Sometimes the best thing to do when working so hard on a project that is not coming together is just walking away from it all. Yes, walk away from your creative project. It’s absolutely the best thing you can do for it. It can be the difference between doing something really creative and something which is just meh (for the lack of a better word).
This week’s project – titled “Fractured” – was a tough one for me to work on. I was excited last week when I came up with the creative technique of making a crazy quilt block with no sewing. Yes, absolutely no sewing. Not even one stitch was involved in creating that patchwork quilt. And I felt so g-o-o-d about the technique.
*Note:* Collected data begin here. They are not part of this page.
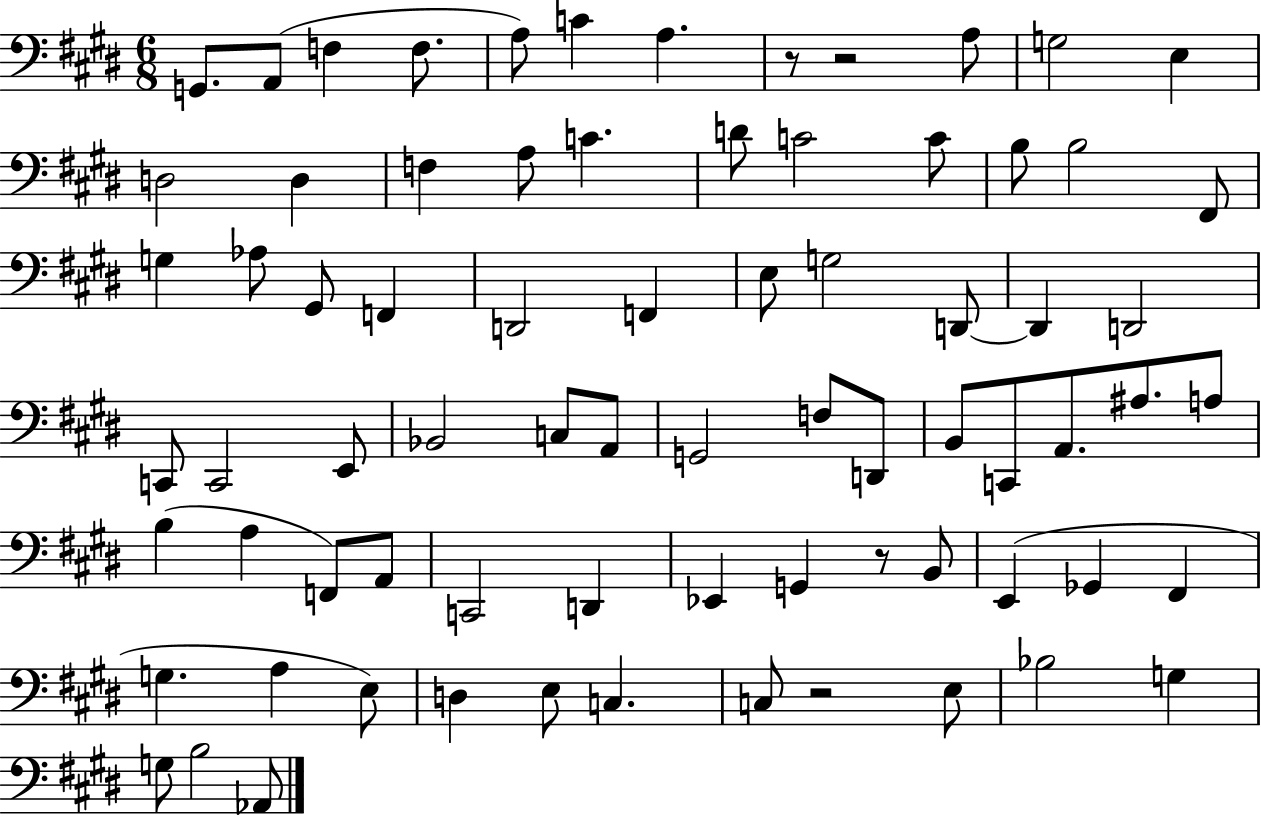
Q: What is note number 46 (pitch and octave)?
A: A3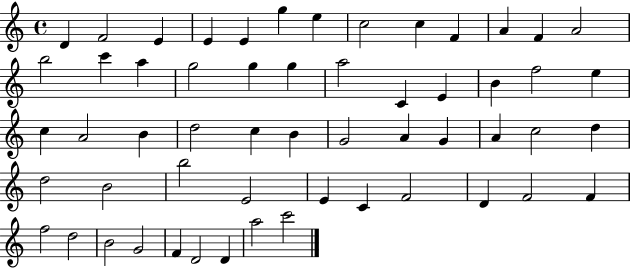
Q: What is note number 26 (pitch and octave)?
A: C5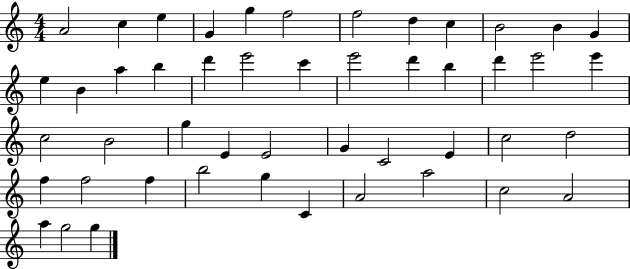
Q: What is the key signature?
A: C major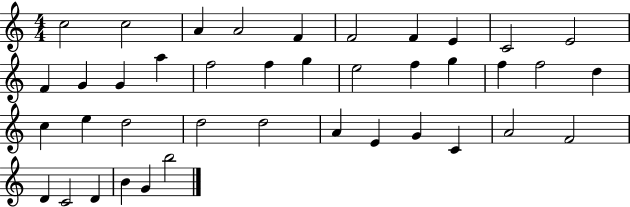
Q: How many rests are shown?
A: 0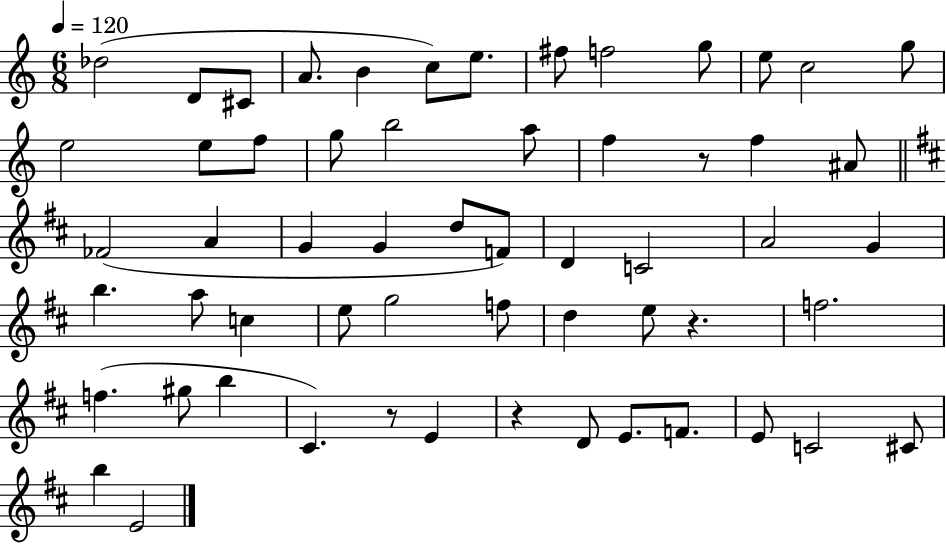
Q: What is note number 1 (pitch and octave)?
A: Db5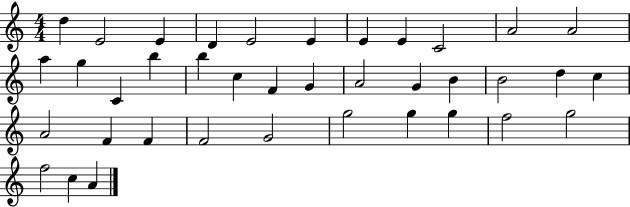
D5/q E4/h E4/q D4/q E4/h E4/q E4/q E4/q C4/h A4/h A4/h A5/q G5/q C4/q B5/q B5/q C5/q F4/q G4/q A4/h G4/q B4/q B4/h D5/q C5/q A4/h F4/q F4/q F4/h G4/h G5/h G5/q G5/q F5/h G5/h F5/h C5/q A4/q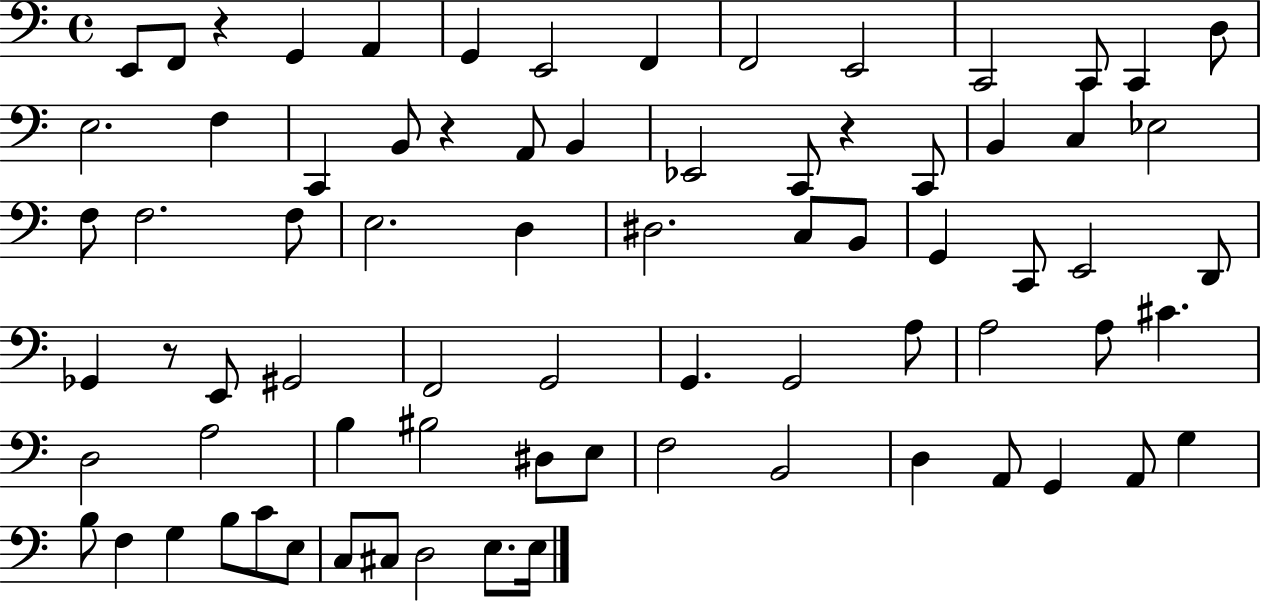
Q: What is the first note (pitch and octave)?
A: E2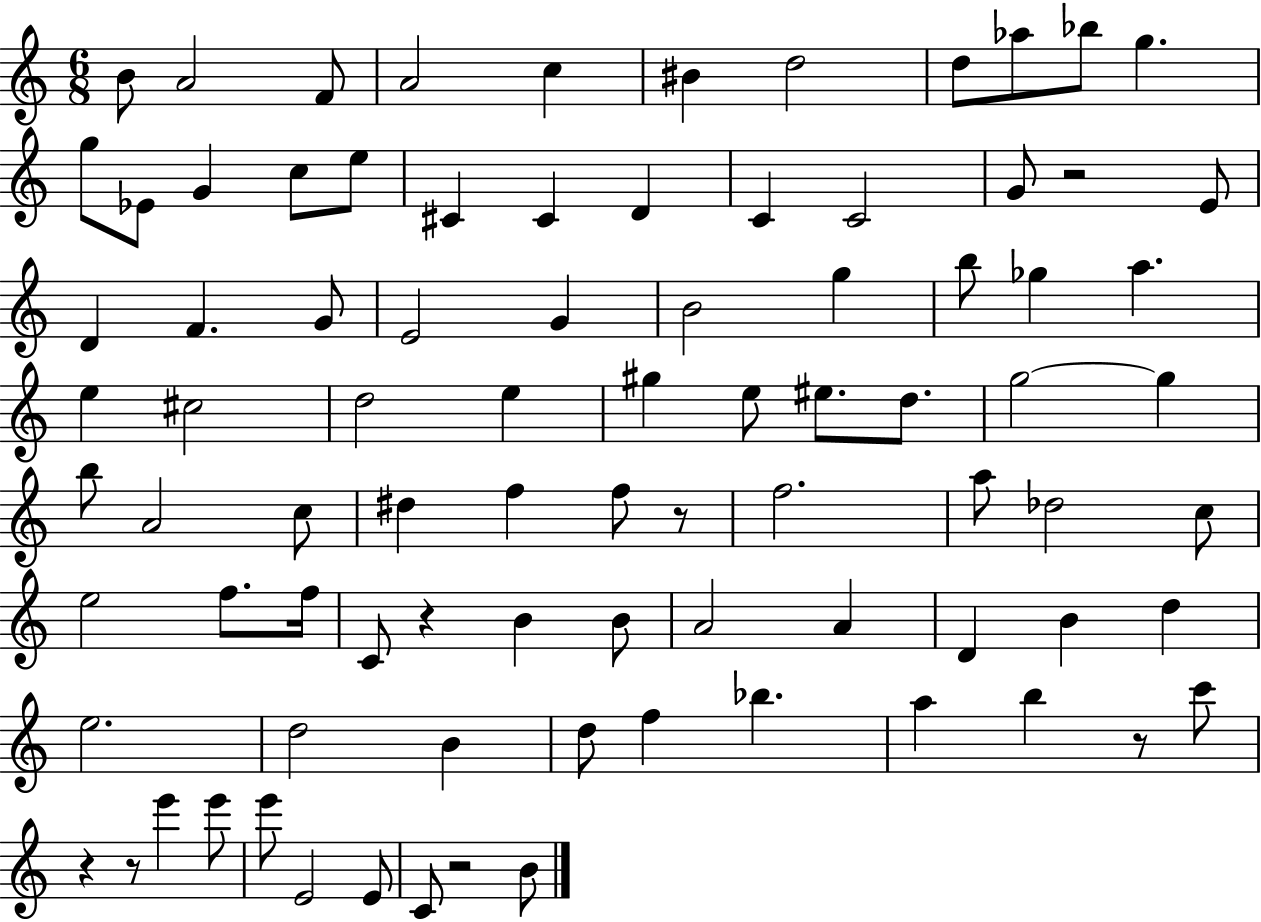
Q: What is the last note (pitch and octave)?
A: B4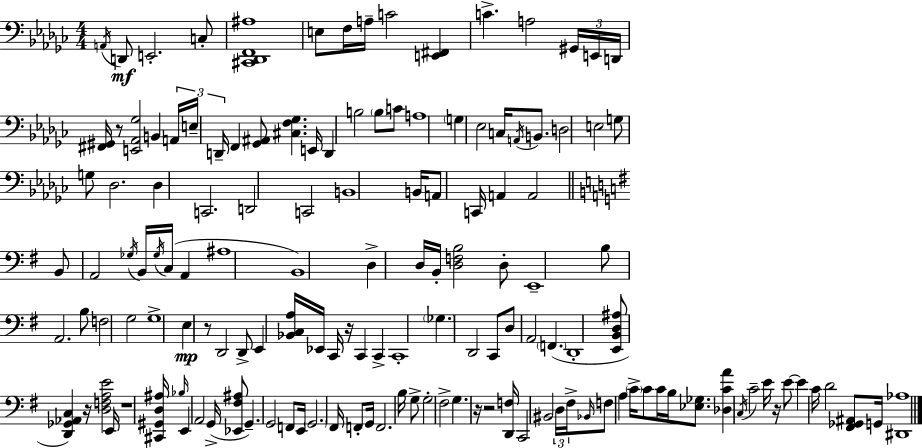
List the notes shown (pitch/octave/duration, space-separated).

But then this week, when it came to pushing that idea further and stacking some more ideas on top of that foundation, it became a challenge. Each time I’ll stack ideas on top of ideas, they’ll all come crumbling down. I’ll pick them up, rearrange them in a presumably superior order and somehow, they’ll all come tumbling down again. It kept happening time and time again.
Why You Should Walk Away From Your Creative Project
After working on my project for several hours – longer than a typical 8-hour work day, I knew it was time to change course. I was not making any progress – I was just wearing myself out. And I was getting low on brain energy. I was experiencing decision fatigue. Often making the decision to walk away is a critical part of the creative process.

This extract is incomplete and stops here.